>>>>>

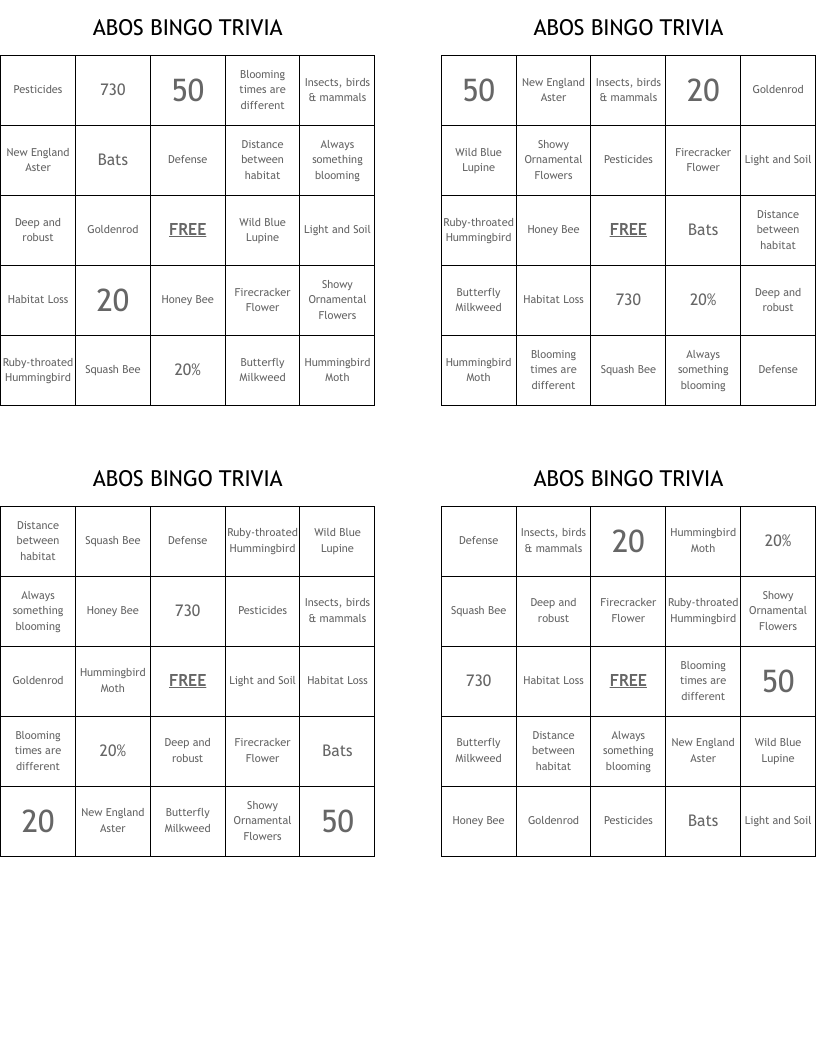 ABOS BINGO TRIVIA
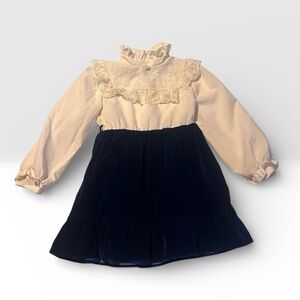 Vintage late 1960’s to early 1970 Bonnie Jean Cream Ruffled girls 6 Dress ILGWU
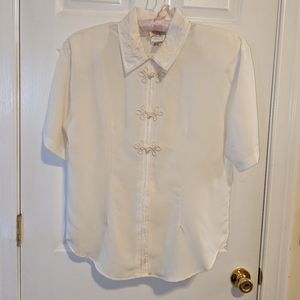 Vintage Arielle Women's Cream Embroidered Blouse Size 16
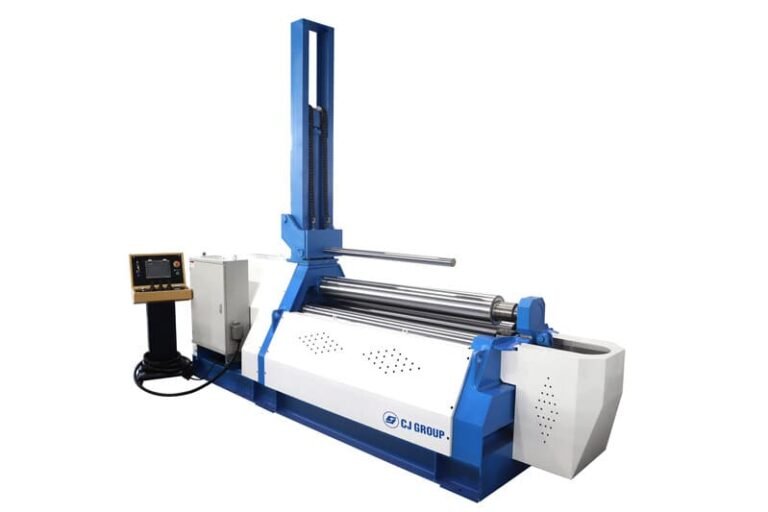 CJ-3020-5 5-axis heavy-duty plate rolling machine using its integrated overhead support to safely secure a large-diameter rolled cylinder after processing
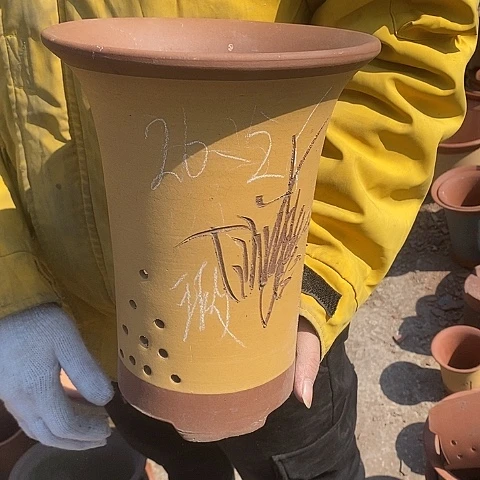 紫砂中国宜兴紫砂花，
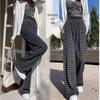 Women's Retro Grey Striped Wide-Leg Pants, Elastic Waist with Drawstring - High Waist, Loose Fit, Spring/Summer 2026 Collection.
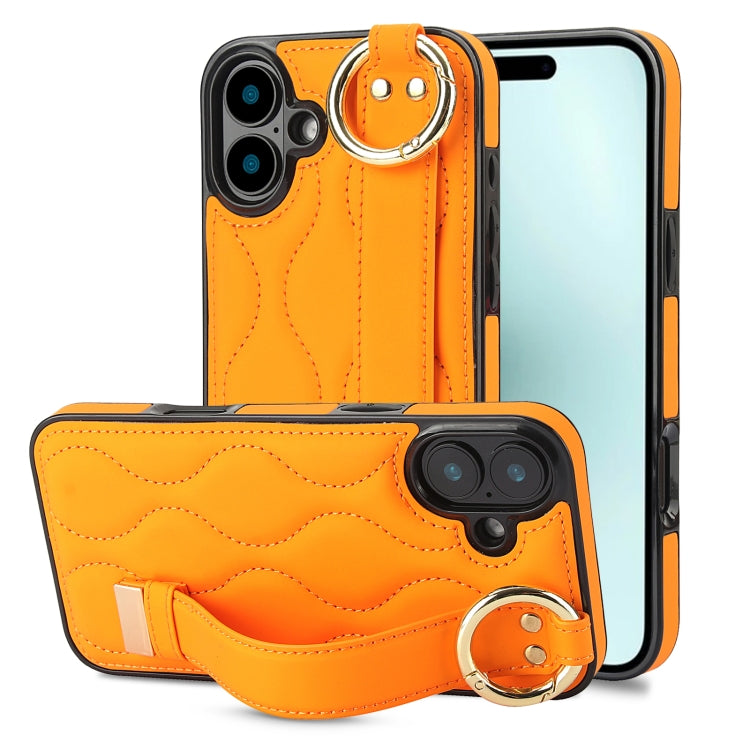 Non-slip Full Coverage Ring PU Phone Case with Wristband, For iPhone 16 Pro Max, For iPhone 16 Pr...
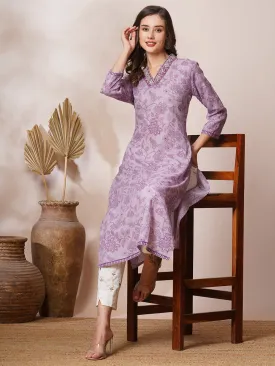 Ethnic Floral Printed & Embroidered Straight Fit Kurta - Lavender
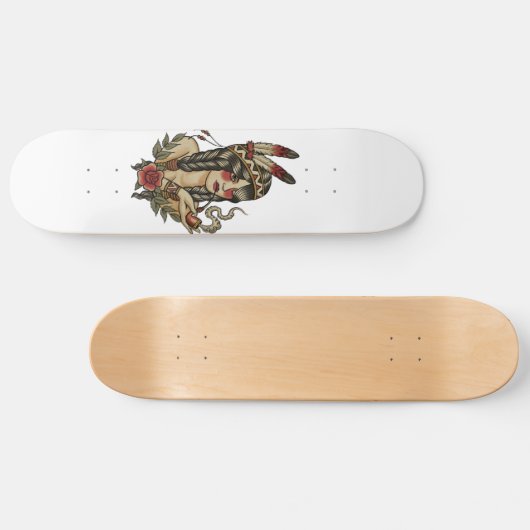 Jonge autochtone Amerikaanse vrouw Persoonlijk Skateboard (Horizontaal)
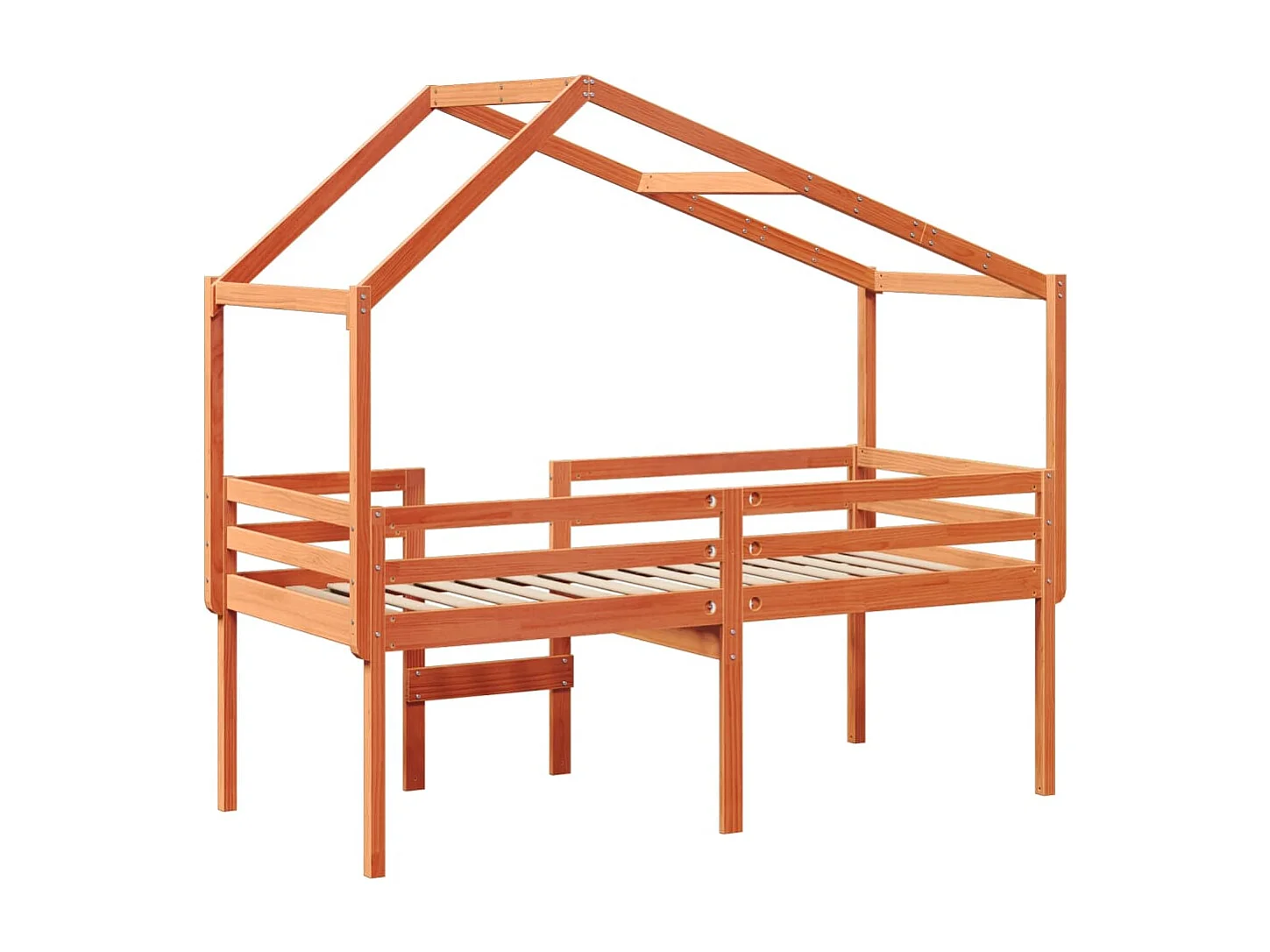 Hoogslaper met dak massief grenenhout wasbruin 90x190 cm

<<<<<

- [ACTIVITY]:
Leaving the pictures out, copy exactly the lines from the line that contains "Women's Retro Grey" to the last line of the data, both ends included.

- [EXERCISE RESPONSE]:
 Women's Retro Grey Striped Wide-Leg Pants, Elastic Waist with Drawstring - High Waist, Loose Fit, Spring/Summer 2026 Collection.
 Non-slip Full Coverage Ring PU Phone Case with Wristband, For iPhone 16 Pro Max, For iPhone 16 Pr...
 Ethnic Floral Printed & Embroidered Straight Fit Kurta - Lavender
 Jonge autochtone Amerikaanse vrouw Persoonlijk Skateboard (Horizontaal)
 Hoogslaper met dak massief grenenhout wasbruin 90x190 cm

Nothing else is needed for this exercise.